Upload Large Files Directly to GCS with Dropzone and Signed URL’s
I had a django app deployed on GAE and needed to upload files (including large videos) which should be stored on GCS using our front end. The problem is GAE applies a 32MB hard limit on the request size. Hence we could not upload large files (video in our case) directly to app engine (read more about the quotas here.)
Hence the first approach I tried was
Break up files in Chunks on front end
I leveraged the chunking feature from the dropzone and send files in chunks of 30MB (which GAE allowed), once all of the chunks got uploaded I recreated the file and uploaded to GCS.
Dropzone.options.dropzoneForm = {
paramName: "file", //name that will be used to transfer the file
acceptedFiles: "image/png, image/jpeg, image/jpeg, video/mp4",
chunking: true, // Enable chunking
chunkSize: 30000000, // Chunk Size
forceChunking: true
}
The approach worked well, but had following limitations
- GAE does not allow you to have file system access, you can still write files to the /tmp directory but it has a limit of 2GB
- Each chunk upload and write was very slow
Direct Upload to GCS using signed URL’s
So finally i decided to upload files directly from my browser to GCS bucket.

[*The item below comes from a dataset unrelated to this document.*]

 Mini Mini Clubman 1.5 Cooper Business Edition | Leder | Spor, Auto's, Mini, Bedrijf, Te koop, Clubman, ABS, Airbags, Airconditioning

GCS offers two diff API’s for file upload
- XML : Only this supports signed URL’s so have to use this
- JSON
So the workflow for uploading file is going to be
File Uploaded → Request Signed URL from BackEnd → Write file to GCS → On success inform the backend
To create signed URL you can use google-api-client to generate signed url’s. You need to have a service account to create signed URL’s
from google.cloud.storage._signing import generate_signed_url
API_ACCESS_ENDPOINT = 'https://storage.googleapis.com'def _get_storage_client():
return storage.Client.from_service_account_json("credentials.json")def get_signed_url(name, content_type):
client = _get_storage_client()
expiration = datetime.datetime.now()+datetime.timedelta(days=1)
canonical_resource = "/" + settings.CLOUD_STORAGE_BUCKET + "/" + safe_filename(name)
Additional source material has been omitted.